An effective registration statement relating to the securities was filed with the Securities and Exchange Commission on May 18, 2016. The offering of these securities will be made only by means of a prospectus supplement and the accompanying prospectus. Copies of the preliminary prospectus supplement and the accompanying prospectus may be obtained from Morgan Stanley & Co. LLC, Attn: Prospectus Department, 180 Varick Street, 2nd Floor, New York, NY 10014; from Goldman, Sachs & Co., Attn: Prospectus Department, 200 West Street, New York, NY 10282, telephone: 866-471-2526, facsimile: 212-902-9316, or email: firstname.lastname@example.org; from Deutsche Bank Securities Inc., Attn: Prospectus Group, 60 Wall Street, New York, NY 10005-2836, telephone: 800-503-4611, or email: email@example.com; from Citigroup Global Markets Inc., c/o Broadridge Financial Solutions, 1155 Long Island Avenue, Edgewood, NY 11717 or telephone: 800-831-9146; or from BofA Merrill Lynch, NC1-004-03-43, 200 North College Street, 3rd floor, Charlotte NC 28255-0001, Attn: Prospectus Department, email: firstname.lastname@example.org.
This press release shall not constitute an offer to sell or a solicitation of an offer to buy, nor shall there be any sale of these securities in any jurisdiction in which such an offer, solicitation or sale would be unlawful prior to the registration or qualification under the securities laws of any such jurisdiction. The securities being offered have not been approved or disapproved by any regulatory authority, nor has any such authority passed upon the accuracy or adequacy of the registration statement, the prospectus contained therein or the prospectus supplement.

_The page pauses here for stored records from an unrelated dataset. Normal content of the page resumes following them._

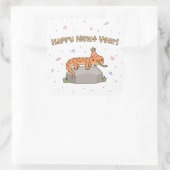 Funny Happy Newt Year, New Year Pun Doodle Quadratischer Aufkleber (Tasche)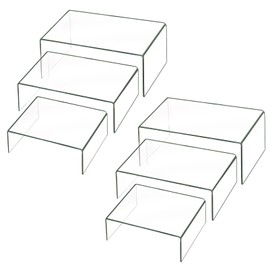 ADColor 5PCS Clear Acrylic Display Risers,Showcase Shelf for Figures, Buffets, Cupcakes and Jewelry Display Stands, with Sticky Protective Film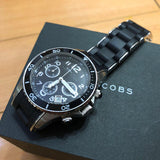 Marc Jacobs Rock Chronograph Black Dial Black Silicone Strap Watch for Women - MBM2551 Authentic Buy Shop Now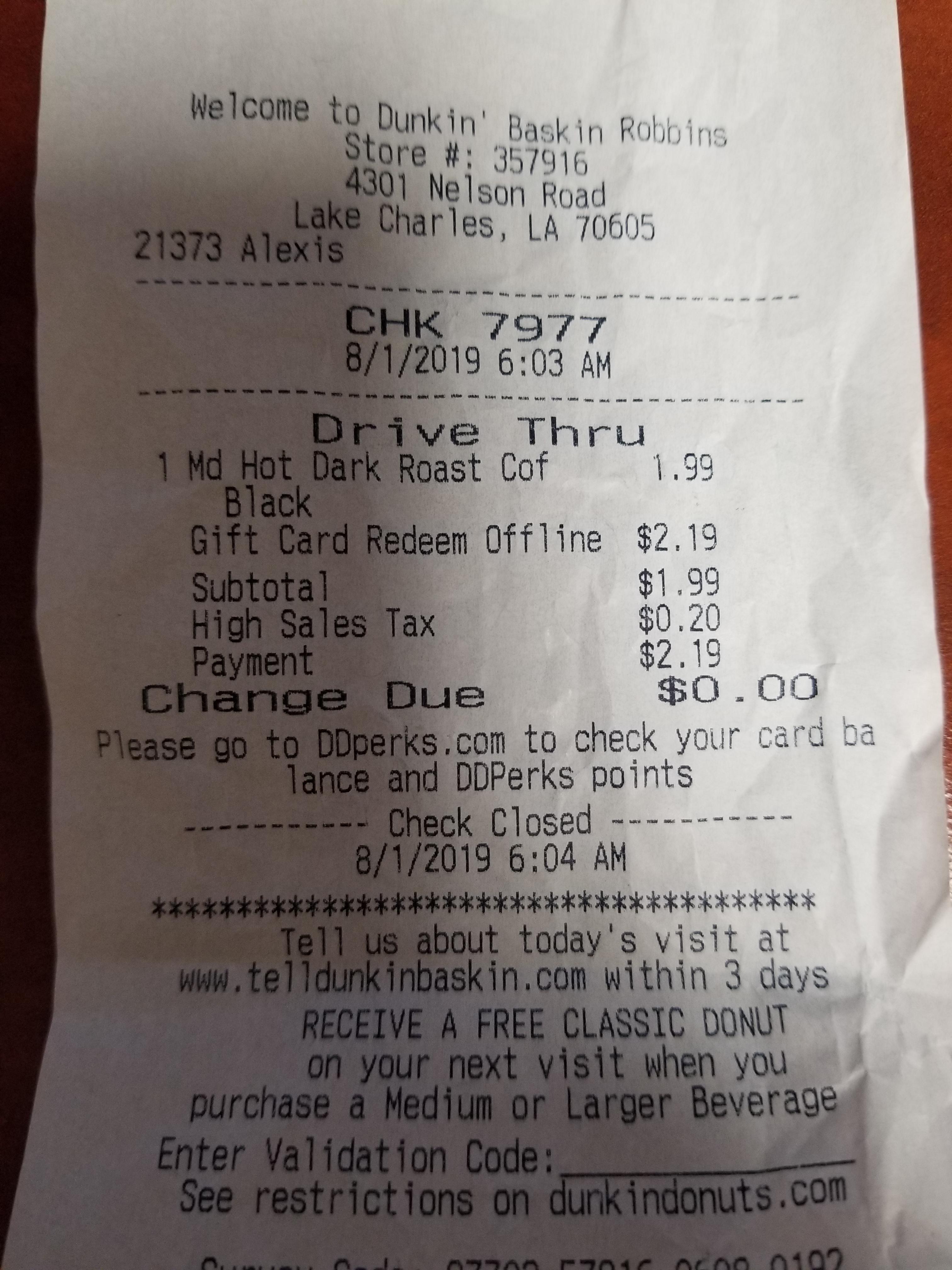 A 10.2 Sales Tax is considered "High" according to Dunkin r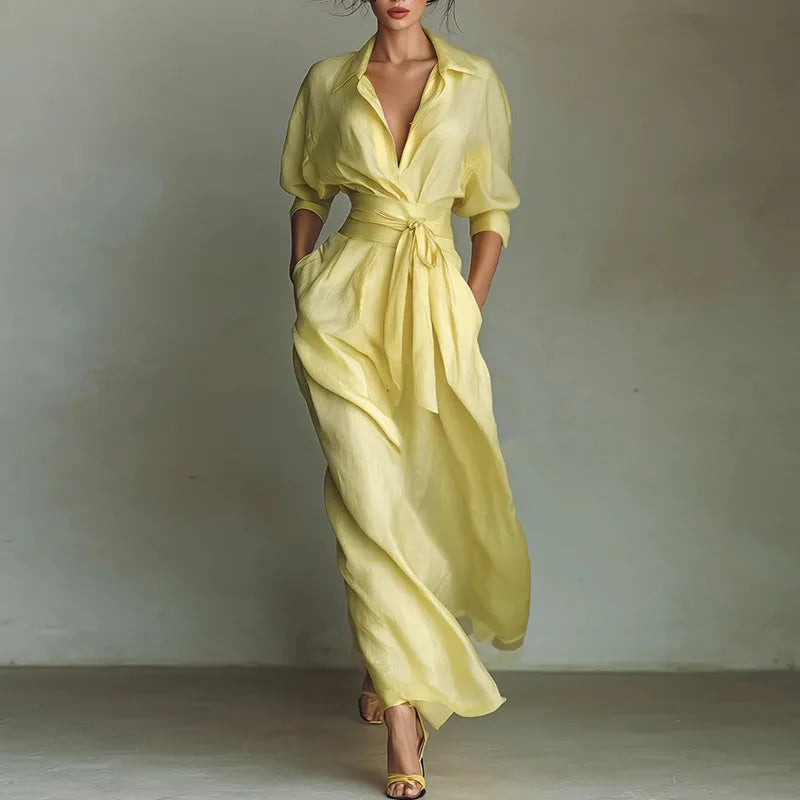 Elegant Turn-Down Collar A-Line Midi Dress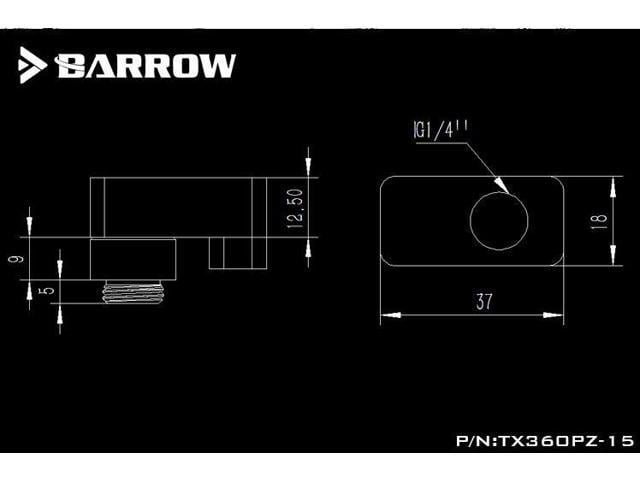 Black Barrow G1/4 360° Rotation Offset Adapter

Certain statements in this press release, including statements regarding the proposed public offering of common stock, Tesla's intended use for the proceeds of the offering, and Tesla's plan to accelerate the ramp of Model 3 so that its 500,000 unit build plan can be advanced from 2020 to 2018, are "forward-looking statements" that are subject to risks and uncertainties. These forward-looking statements are based on management's current expectations, and as a result of certain risks and uncertainties, actual events or results may differ materially from those contained in the forward-looking statements. Please refer to the registration statement on Form S-3 on file with the SEC and the prospectus and prospectus supplement included or incorporated by reference therein, as well as the other documents Tesla files on a consolidated basis from time to time with the SEC, specifically Tesla's most recent Form 10-K and Form 10-Q. These documents contain and identify important factors that could cause the actual results for Tesla on a consolidated basis to differ materially from those contained in Tesla's forward-looking statements. Tesla disclaims any obligation to update information contained in these forward-looking statements.